After the foundry closed in 1986, Diffie declared bankruptcy and sold the studio out of financial necessity. He also divorced his wife, who left with their two children. Diffie spent several months in a state of depression before deciding to move to Nashville, Tennessee. There, he took a job at Gibson Guitar Corporation. While at Gibson, he contacted a songwriter and recorded more demos, including songs that would later be recorded by Ricky Van Shelton, Billy Dean, Alabama and The Forester Sisters. By mid-1989, he quit working at the company in order to record demos full-time. Diffie also met Debbie, who would later become his second wife. That same year, Diffie was contacted by Bob Montgomery, a songwriter and record producer known for working with Buddy Holly. Montgomery, who was then the vice president of A&R at Epic Records, said that he wanted to sign Diffie to a contract with the label, but had to put the singer on hold for a year. In the meantime, Holly Dunn released "There Goes My Heart Again", which Diffie co-wrote and sang the backing vocals. Following this song's chart success, Diffie signed with Epic in early 1990.
Steve Huey of Allmusic wrote that Diffie "lent his traditional sensibilities to humorous, rock-tinged novelties and plaintive ballads." His early albums for Epic mostly consisted of ballads, but starting with Honky Tonk Attitude, he began to include more up-tempo and novelty numbers. Starting with A Night to Remember, Diffie returned to a more ballad-oriented sound; Mike Kraski, then the senior vice president of sales for Sony Music Nashville, thought that the albums before it had over-emphasized his novelty releases.

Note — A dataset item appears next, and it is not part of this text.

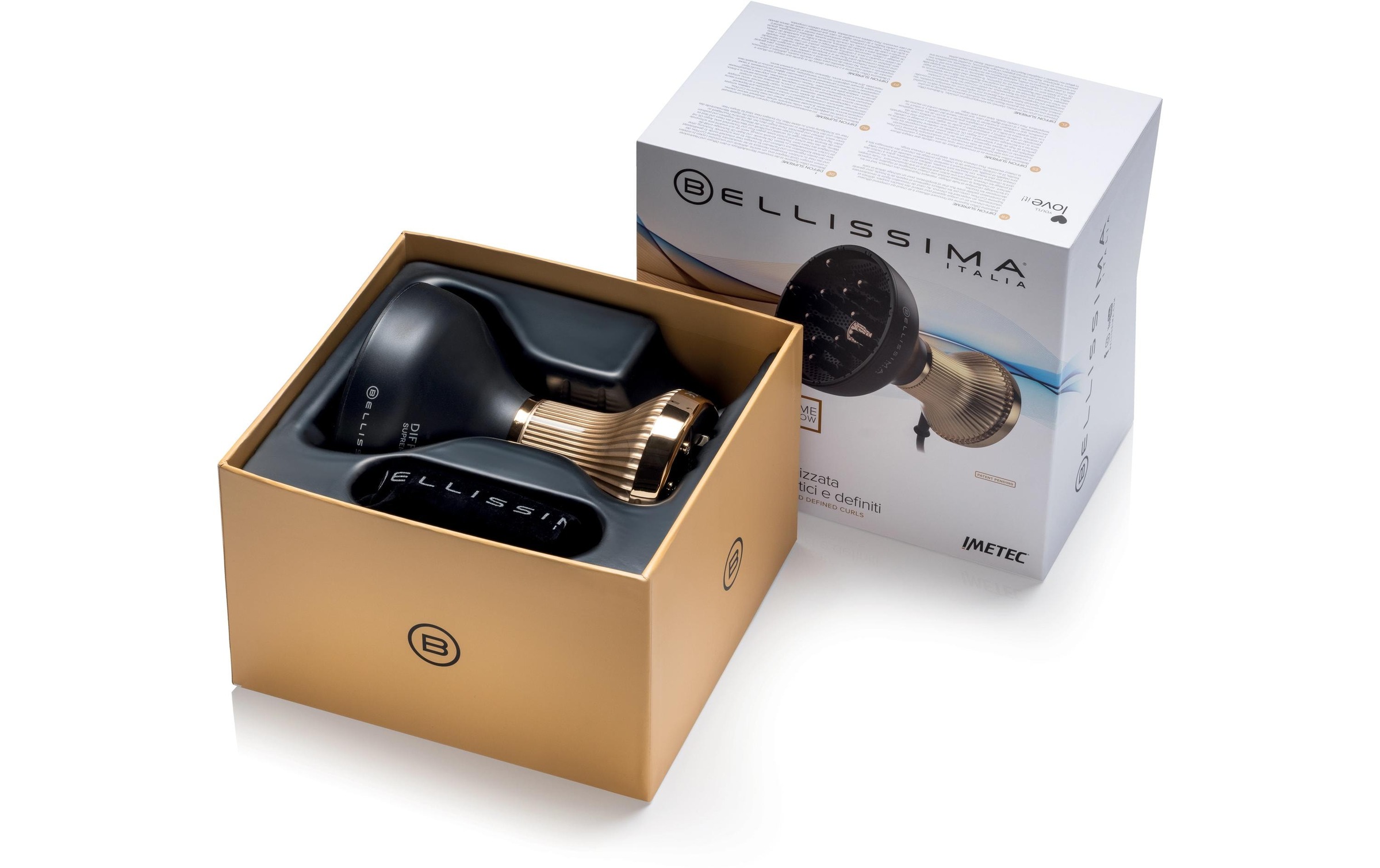 BELLISSIMA ITALIA Bigoudis »Diffon« Lockenwickler mit 770 W Leistung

Alanna Nash regularly compared Diffie's voice to that of George Jones. In her review of A Thousand Winding Roads, she contrasted the album with Mark Chesnutt's debut Too Cold at Home by saying, "While Chesnutt merely takes his inspiration from Jones, Diffie mimics Jones' delivery ... But now that he's making records himself, drops him to the rear of the pack, as a stylist with little style of his own." She thought that Diffie began to move away from his George Jones influences on A Night to Remember. William Ruhlmann wrote that Diffie "has put together a decade-plus career in country largely on his ability to succeed" in "scour Nashville publishers for ten good compositions in the established style", and that he was an "adequate but undistinguished singer." Similarly, Wilcox described Diffie as having "the vocal chops to sound like just about anyone" and thought that none of his Epic material showed any musical identity.